OK, perhaps I’m being cynical here, but the findings in this study are making it harder for the married men who are doing their fair share around the house. How much more do they have to prove that they are worthy after their wives and friends read articles like this in Newsweek?
There were many theories bandied about in this study as to why boyfriends outdo their married counterparts. One of the authors suggested that, “self-selection may play a role: those with more liberal, egalitarian views about housework may be more liable to live unmarried with their significant others.”
My suggestion is this: These boyfriends who are sweeping and sautéing, are doing their best to impress their girlfriends. The question here is, “How long do they keep this level of service up?” Also, “Do these men have day jobs?” I would love for the study authors to check in with these guys in a few years.
I have another reason why so many married men are not doing as much as boyfriends.
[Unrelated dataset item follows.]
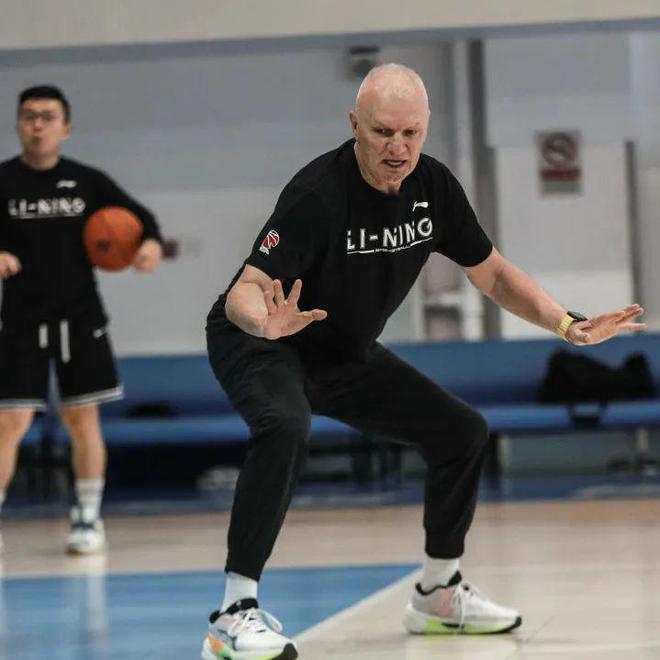 Ning意外战胜塞尔维亚队，重要助攻引爆全场！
The article said that, “despite rapidly changing gender roles, many men haven’t had much exposure to households where chores are equally divided between husband and wife.” So in these cases, the young brides either did nothing about it by taking on all the household duties are they tried to “train their hubbies,” but they “didn’t get it” in their eyes. So, they jumped on the phone to tell Mommy and their friends that “Joe Six Pack” doesn’t know how to wash a head of lettuce. Thus we have many married male couch potatoes out there who are proud to sit around all weekend swigging Budweiser and chasing it with Chips Ahoy while watching football.
Let’s also not forget the stereotypes. In modern times we have made it OK for men to be useless at home. If a male is responsible at home, then there must be something wrong.
Author Neil Chethik, who wrote “VoiceMale: What Husbands Really Think About Their Marriages, Their Wives, Sex, Housework and Commitment,” is featured in the article. He suggested that, “couples should create a clear list of each spouse’s household responsibilities. The payoff can be big for both partners.” Now that makes sense. If more couples commit to a sensible plan like that, then perhaps there is hope for the state of marriage and the division of household labor.